Vurgun Yemeyi Önleyen Sistem
Yunuslar insanlarla kıyaslanamayacak kadar derin sulara dalabilirler. Bu konudaki rekor Balinagillerden Amber balığına aittir. Amber balığı bir nefes alışla 3000 metre derine dalış yapabilir. Gerek yunuslar gerekse balinalar bu tip dalışlara uygun bir tasarımda yaratılmışlardır. Palet şeklindeki kuyruklar suya dalmayı ve yüzeye çıkmayı oldukça kolaylaştırır. Dalış için yaratılmış bir başka tasarım da hayvanın ciğerlerinde gizlidir: Hayvan derine daldıkça üzerindeki suyun ağırlığı, yani basıncı artar. Bu basıncı dengelemek için, ciğerlerinin içindeki hava basıncını da giderek artırır. Ancak bu hava basıncı giderek çok yüksek derecelere çıkar. Aynı basınç bir insan ciğerine uygulansa, ciğer yırtılıp parçalanacaktır. İşte bu tehlikeye karşı yunusların vücutlarında çok özel bir koruma yaratılmıştır: Yunusların akciğerlerindeki bronşlar ve hava kesecikleri, basınca karşı son derece dayanıklı kıkırdak halkalarla korunmuştur.

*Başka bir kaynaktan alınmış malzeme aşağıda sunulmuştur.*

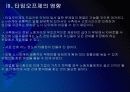 [타암오프제]타임오프제 시행에 대한 문제점과 해결방안 PPT자료 11페이지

Yunuslar, insan kulağının algılayamayacağı büyüklükte (20.000 Hertz ve üstü) ses dalgaları yayarlar. Bu yayılımı kafanın ön kısmı hizasında "kavun" olarak adlandırılan bir bölgeden kaynaklanır. Hayvan kafasını hareket ettirerek dalgaları istediği yöne doğru kanalize edebilir. Sonar dalgası bir engelle karşılaştığı zaman, hemen yansıyarak geri döner. Alt ağız alıcı görevi yaparak yankıyı iç kulağa yollar. İç kulak da verileri beyne gönderir. Bu veriler beyinde analiz edilir ve yorumlanır.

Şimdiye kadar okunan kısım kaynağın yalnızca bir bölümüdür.